It's also nice and easy problem.We must prove that $ TP^2=TR \cdot TS=TB \cdot TC $ , where $ T=MN \cap BC $ ( w.l.o.g $ B $ lies between $ T $ and $ C $ ) .Let $ MN \cap AP=F $ , since $ AMPN $ is p.g.m so $ F $ is common midpoint of $ MN $ and $ AP $ and $ AN=PM , AM=BN $ . From Meneleus theorem we have (1) In the triangle $ APC $ the line $ TFN $ is transerval ,so $ \frac{TP}{TC} \cdot \frac{CN}{NA} \cdot \frac{AF}{FM} =1 \implies \frac{TP}{TC}=\frac{AN}{CN} $ . (2)In the triangle $ ABC $ the line $ TMN $ is transerval, so $ \frac{TB}{TC} \cdot \frac{CN}{NA} \cdot \frac{AM}{BM} \implies \frac{TP}{TB} = \frac{AM}{MB} $ ( I use that (1) ).Hence we have to prove that $ \frac{AM}{BM}=\frac{CN}{AN} $ or $ \frac{PN}{MB}=\frac{CN}{PM} $ , which is true ,because the triangle $ BMP $ and $ CPN $ are similar.DONE!

Very nice problem!

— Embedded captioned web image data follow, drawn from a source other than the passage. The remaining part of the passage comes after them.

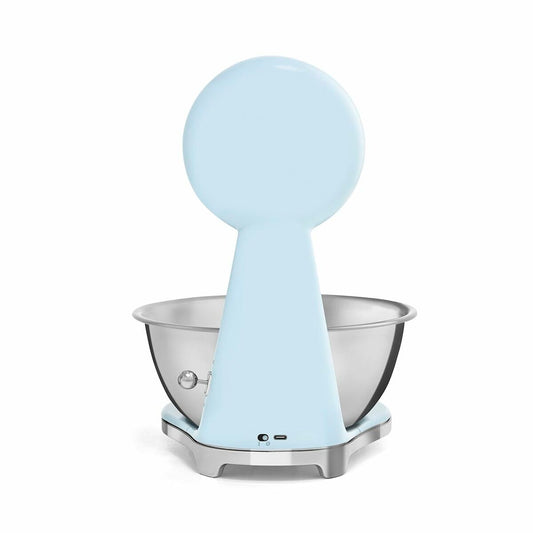 kitchen scale Smeg KSF01PBWW Blue 5 kg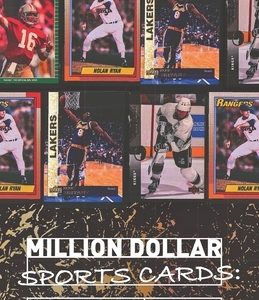 Million Dollar Sports Cards: A Golden Guide to Sports Card Collecting and Investing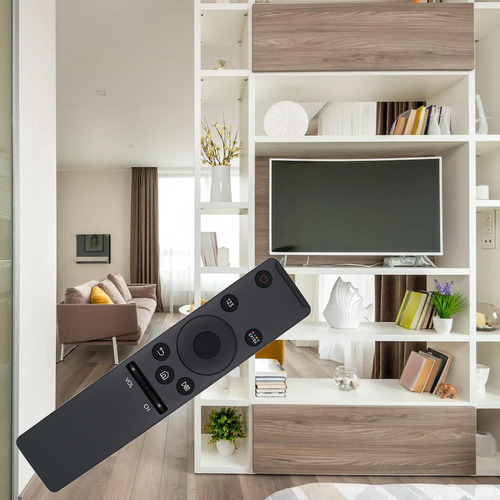 N Accesorios De Control Remoto De Televisión Negro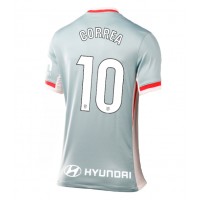 Atletico Madrid Angel Correa #10 Bortatröja Dam 2024-25 Kortärmad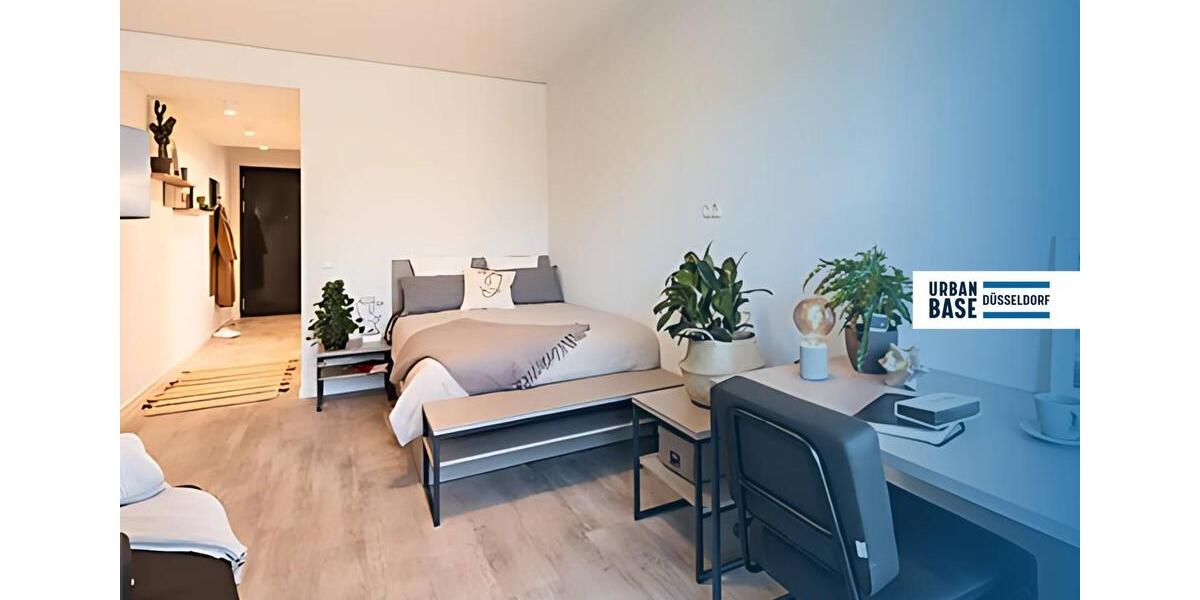 Etagenwohnung Düsseldorf Stadtbezirk 3 - 1 Zimmer, 30 m&sup2;, 698&euro; | Angebot:20792327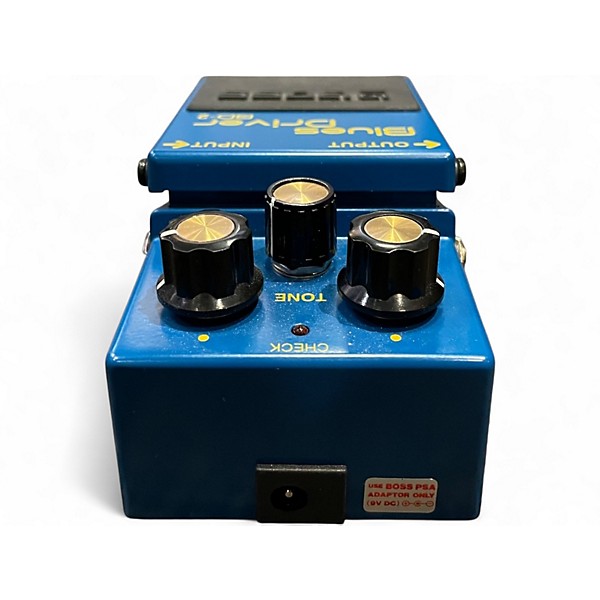 Used BOSS BD2 Blues Driver Effect Pedal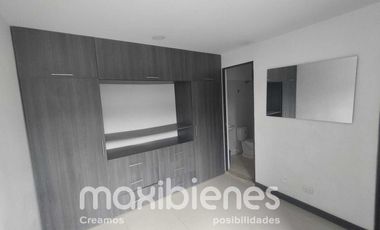 apartamento en arriendo en  niquia. Cod A24473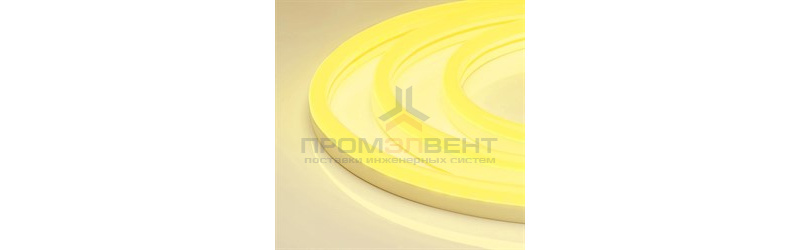 Гибкий неон ARL-CF2835-U15M20-24V Yellow (26x15mm)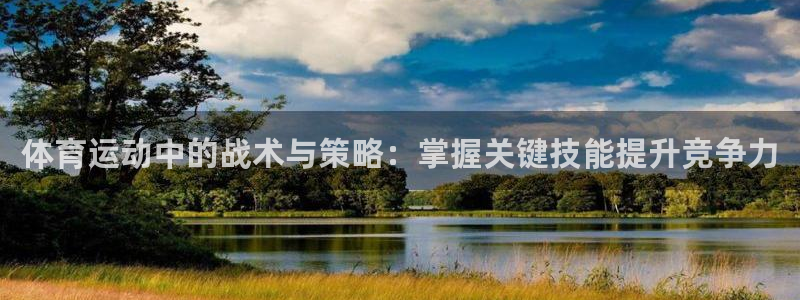 k1体育网站登录官网：体育运动中的战术与策略：掌握关键技能提升竞争力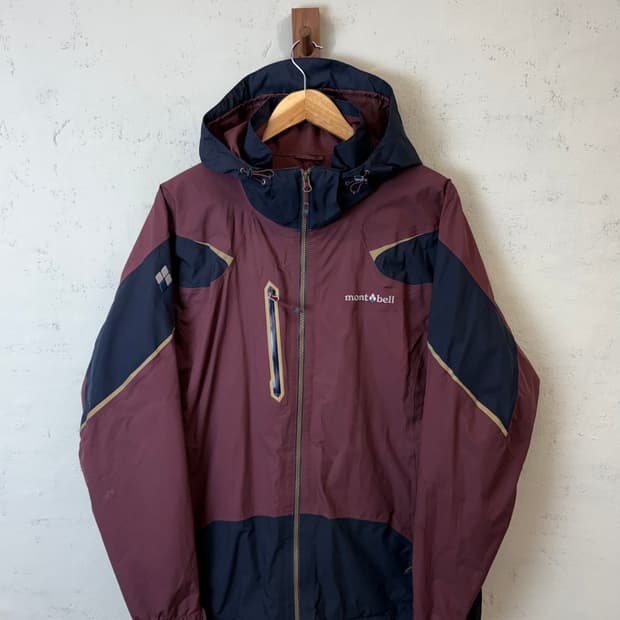 몽벨 고어텍스 바람막이 자켓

Here is another attempt. $ T=MN \cap BC $ ( w.l.o.g $ B $ lies between $ T $ and $ C $ ) We have $\frac{TM}{TN} = \frac{TP}{TC}$ (since TMP and TNC are similar) and $\frac{TM}{TN} = \frac{TB}{TP}$ (since TMB and TNP are similar) So, $\frac{TB}{TP} = \frac{TP}{TC}$ (since TMP and TNC are similar) or, $TP^2 =TB*TC$ From $TB*TC=TR*TS$ Then, $TP^2=TR*TS$ And the result follows.

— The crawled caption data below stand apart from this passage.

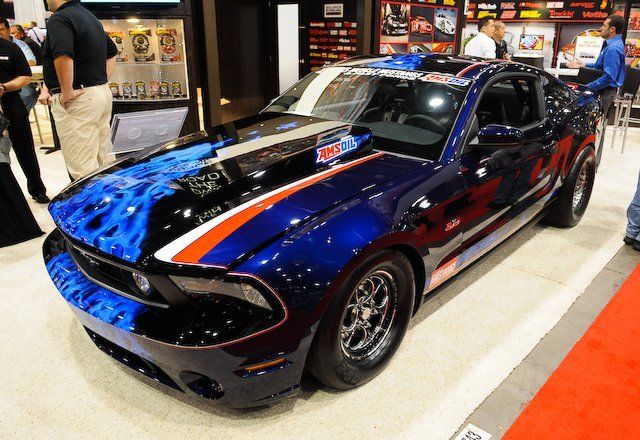 Custom paint fire design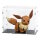 Pr&eacute;sentoir en acrylique pour LEGO&reg; 72152 Pok&eacute;mon &Eacute;voli (avec fond noir)
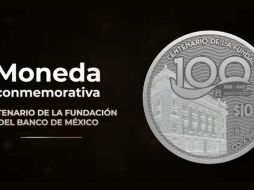 Esta moneda conmemorativa, que será de edición limitada, estará disponible para su compra en las tiendas de la Casa de Moneda de México y en el Museo Interactivo de Economía. X/ @Banxico.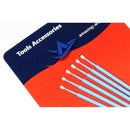 Amazing Art 19588 Weathering Micro Brushes - Light Blue - 25pcs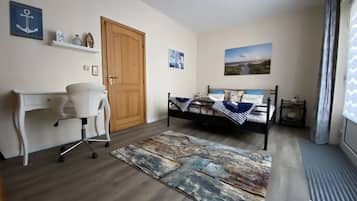 1 Schlafzimmer, kostenloses WLAN, Bettwäsche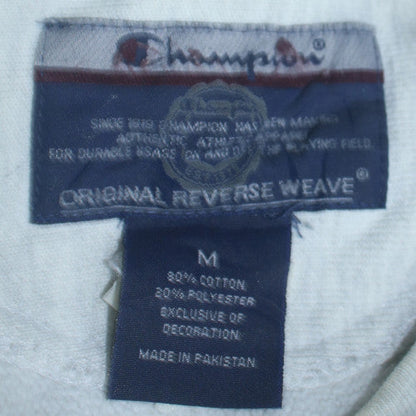 Champion Men's Grey Colby College Crew Neck Sweatshirt M Regular Fit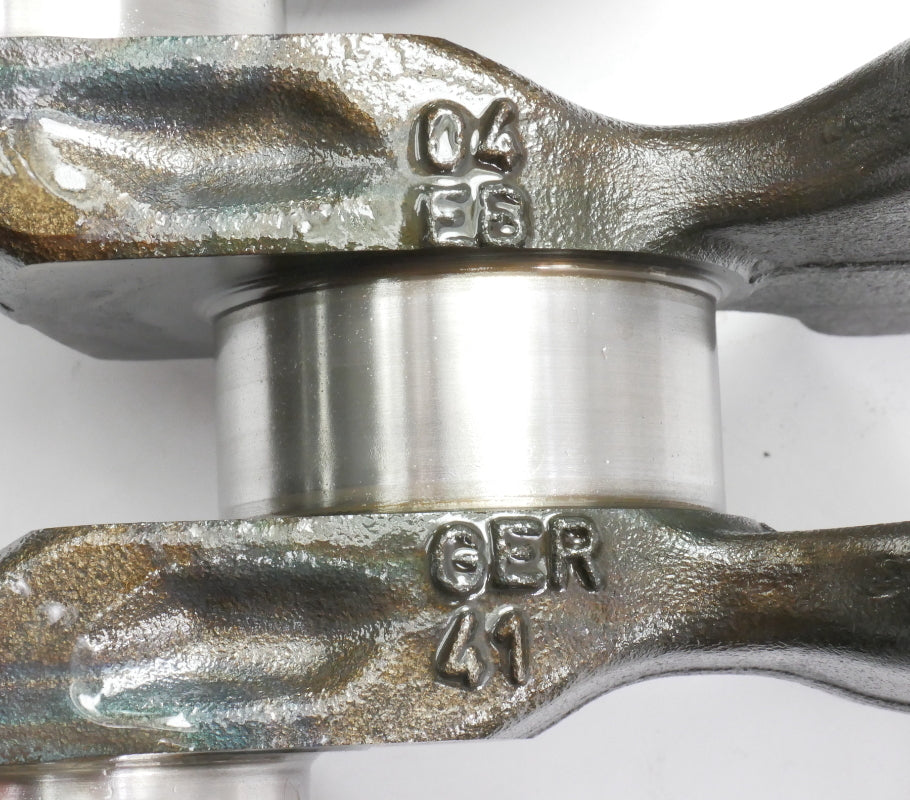 Engine Crank Shaft Crankshaft 13-16 VW Jetta 1.4T Hybrid MK6 Audi A3 Etron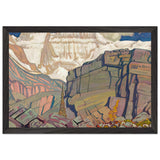 Mount Lefroy by J. E. H. MacDonald, framed poster, view 2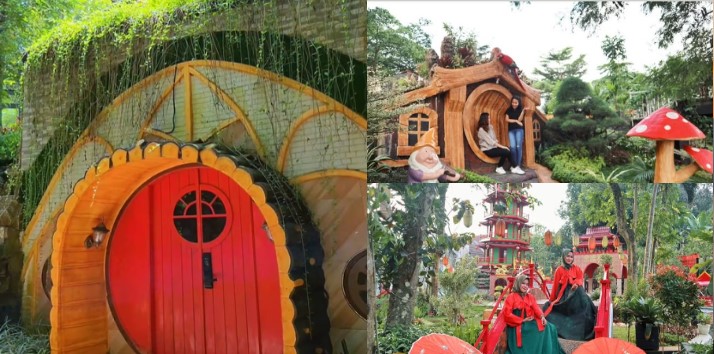 Staycation di kamar hobbit yang punya spot foto cantik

I have the same solution as --Fermat--,an easy problem

The configuration is boring Also, the condition that $MN, BC$ are not parallel is a dead giveaway. It's totally unnecessary and the problem is valid without it, so why would they put it there? Obviously we're supposed to intersect them. Then angle chasing turns out to be really really annoying, and Menelaus is the next choice because of how the diagram looks, and it works.